L'image dans le tapis
de Henry James

critiqué par Kinbote, le 8 novembre 2003
(Jumet - 65 ans)


La note:  étoiles
Le dur métier de critique(ur)
Un jeune critique est amené à écrire un article sur le dernier livre de Hugh Vereker, écrivain renommé. Quelques jours après la parution cet article, il rencontre l’écrivain qui trouve le papier anodin, conforme à la moyenne de ceux qu'on écrit d’habitude sur ses livres.
« Personne ne voit jamais rien ! « se plaint-il auprès du jeune homme. « Toujours les mêmes balivernes ! »
Il regrette que pas un critique n’ait percé le secret de son oeuvre, l'intention générale, "la raison particulière qui est à l'origine de chacun de ses livres, quelque chose qui appartient au plan d'ensemble primitif comme l'image compliquée d’un tapis persan ». Dès lors notre jeune critique, le narrateur de ce récit, relit tous les livres de Vereker mais il ne trouve rien. Au contraire, les livres de Vereker finissent par l'agacer. Il se confie de cet épisode auprès de George Corvick, l'ami et critique réputé du journal qui les emploie tous deux. Corvick en parle à sa fiancée qui a écrit un premier roman et tous deux se mettent en quête du secret. Des Indes où il est parti en reportage, Corvick annonce qu’il a trouvé mais il reviendra se marier et mourra dans un accident de cheval avant d'avoir révélé quoi que ce soit à son ami. Celui-ci est dès lors persuadé que l'épouse de Corvick dont il est tombé amoureux a été mise dans la confidence. Elle épousera bientôt un autre critique de talent et mourra à son tour sans avoir rien divulgué (comme le narrateur s'en assurera) de la supposée révélation du secret de Vereker par son premier mari. Comme le signale Fabrice Hugot, le traducteur de ce texte dans une autre édition (Critérion), pas moins de cinq décès (dont celui de Hugh Vereker) surviennent dans ce roman pourtant censé percer une énigme littéraire et qui s'apparente à un roman policier très british avec succession de cadavres et passage d'un témoin empoisonné.
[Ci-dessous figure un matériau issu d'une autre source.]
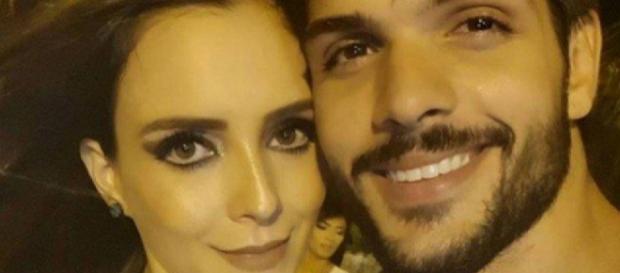 Noiva de Lucas posta indireta para o casal com Jéssica no BBB18. (Foto Reprodução). Noiva de Lucas posta indireta para o casal com Jéssica no BBB18. (Foto Reprodução).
Lorsqu’il s'entretient avec le narrateur, l'écrivain déclare que le fait d’être marié pourrait aider Corvick dans son travail d'enquête.
Fabrice Hugot laisse entendre que l'énigme de l'oeuvre serait à chercher du côté de la vie, et sans doute de l'amour (ce qui exalte la vie). De son exaltation donc plutôt que de son examen compulsif car à vouloir confiner l'existence dans le bocal de la connaissance, on ne ferait que la perdre. Mais ce n'est bien sûr qu'une piste proposée car Henry James a construit son récit de façon telle qu’il suscite des conjectures infinies. Comme un pied de nez éternel à la critique.